Finding a Thai Yoga (Reu-Si Datton) school or teacher in Thailand or anywhere else in the world, can be a daunting task.
There are three key reasons for it being rather difficult:
1). There aren’t that many (in-depth) Reu-Si Datton training courses;
2). Thai Massage is often called Thai Yoga (making it hard to differentiate between Thai Massage and Reusi Datton courses);
3). The phonetic translation of the Thai description “ท่าฤาษีดัดตน” into “Reu-Si Dat Ton”.
The problem with the last (point 3) is the conversion of the Thai alphabet into the Latin alphabet.
Although there is a standardized romanized spelling for the Thai language available, it’s still not widely used, and Thai is thereby often translated in a more or less phonetic manner accordingly.
Translating “ท่าฤาษีดัดตน” (which literally would mean something like “The Contortionist Postures of the Hermit” and phonetically sounds like “Reu-Si Datton” ) results into:
— Rusie Dutton
— Rusie Datton
— Rusie Dat-ton
— Lusie Dutton
— Lusie Datton
— Rusie Dotton
— Reusi Da Ton
— Reusi Dat Ton
— Rue-Si Dat Ton
— Rue-Si Datton
— Reusi Datton
— Ruesri Dat Ton
— Ruesri Datton
— Rue Sri Dut Ton
— Rusri Datton
— Ru Si Datton
— Rue See Dat Ton
— Rue See Dut Ton
— Rue See Dad Ton
— Rasi Daton
— Rasueri Dat Ton
— Lucy Dutton
Moreover, in the West some describe Reu-Si Datton as Thai Yoga, Thai Rishi Yoga, Thai Monk Stretching or Thai Ascetic Self-Stretching, thereby further complicating the matter.
However, when we’ve finally found a school or teacher, another problem arises: there are very different styles of (doing) Reu-Si Datton, which is further differentiated by sharing 15, 18, 80, 127 or even more postures and exercises in various time-spans.
Also, most of the Reu-Si Datton teaching is done in a “classes way” (like for instance taking a Hatha Yoga class).
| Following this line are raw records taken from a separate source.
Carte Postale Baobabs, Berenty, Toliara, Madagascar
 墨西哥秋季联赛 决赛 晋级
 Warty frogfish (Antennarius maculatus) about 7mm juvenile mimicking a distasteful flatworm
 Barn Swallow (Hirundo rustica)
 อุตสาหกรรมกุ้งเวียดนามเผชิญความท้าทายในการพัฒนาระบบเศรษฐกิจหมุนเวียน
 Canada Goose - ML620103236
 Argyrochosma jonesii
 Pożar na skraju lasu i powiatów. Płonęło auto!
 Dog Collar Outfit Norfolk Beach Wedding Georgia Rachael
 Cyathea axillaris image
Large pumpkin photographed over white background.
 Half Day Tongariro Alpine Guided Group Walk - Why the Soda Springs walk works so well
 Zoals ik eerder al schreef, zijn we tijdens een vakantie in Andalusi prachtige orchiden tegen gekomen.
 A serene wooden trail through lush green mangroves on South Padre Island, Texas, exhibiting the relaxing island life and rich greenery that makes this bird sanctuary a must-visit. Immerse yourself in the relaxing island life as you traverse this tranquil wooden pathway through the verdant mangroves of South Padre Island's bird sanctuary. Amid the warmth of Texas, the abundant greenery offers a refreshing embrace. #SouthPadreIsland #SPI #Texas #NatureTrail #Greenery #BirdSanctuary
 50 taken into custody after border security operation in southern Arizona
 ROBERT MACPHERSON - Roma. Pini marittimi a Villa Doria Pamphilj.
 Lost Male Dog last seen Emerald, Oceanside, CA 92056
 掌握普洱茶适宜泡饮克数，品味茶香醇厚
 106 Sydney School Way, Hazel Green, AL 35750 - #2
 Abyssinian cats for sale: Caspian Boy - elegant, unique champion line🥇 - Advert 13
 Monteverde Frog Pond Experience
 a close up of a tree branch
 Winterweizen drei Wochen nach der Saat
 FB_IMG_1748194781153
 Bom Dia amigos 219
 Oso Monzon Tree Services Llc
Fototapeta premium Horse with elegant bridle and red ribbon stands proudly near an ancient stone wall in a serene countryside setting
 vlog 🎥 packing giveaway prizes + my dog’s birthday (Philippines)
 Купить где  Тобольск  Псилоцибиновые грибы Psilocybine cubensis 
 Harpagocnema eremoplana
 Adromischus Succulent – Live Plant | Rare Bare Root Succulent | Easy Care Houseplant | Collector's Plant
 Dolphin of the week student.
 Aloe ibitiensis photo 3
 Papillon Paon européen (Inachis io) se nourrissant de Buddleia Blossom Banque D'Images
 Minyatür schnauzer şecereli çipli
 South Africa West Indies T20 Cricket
There are in fact just a very small amount of real courses and most of them hardly take more then 1 or 2 days. Schools and teachers offering an extensive, in-depth course in Reu-Si Datton are still the big exception.
But maybe it’s all for the best—in a way it keeps authentic Reu-Si Dat Ton relatively safe from commercializing into unrecognizable features. And that already is worth a lot nowadays—to say the least.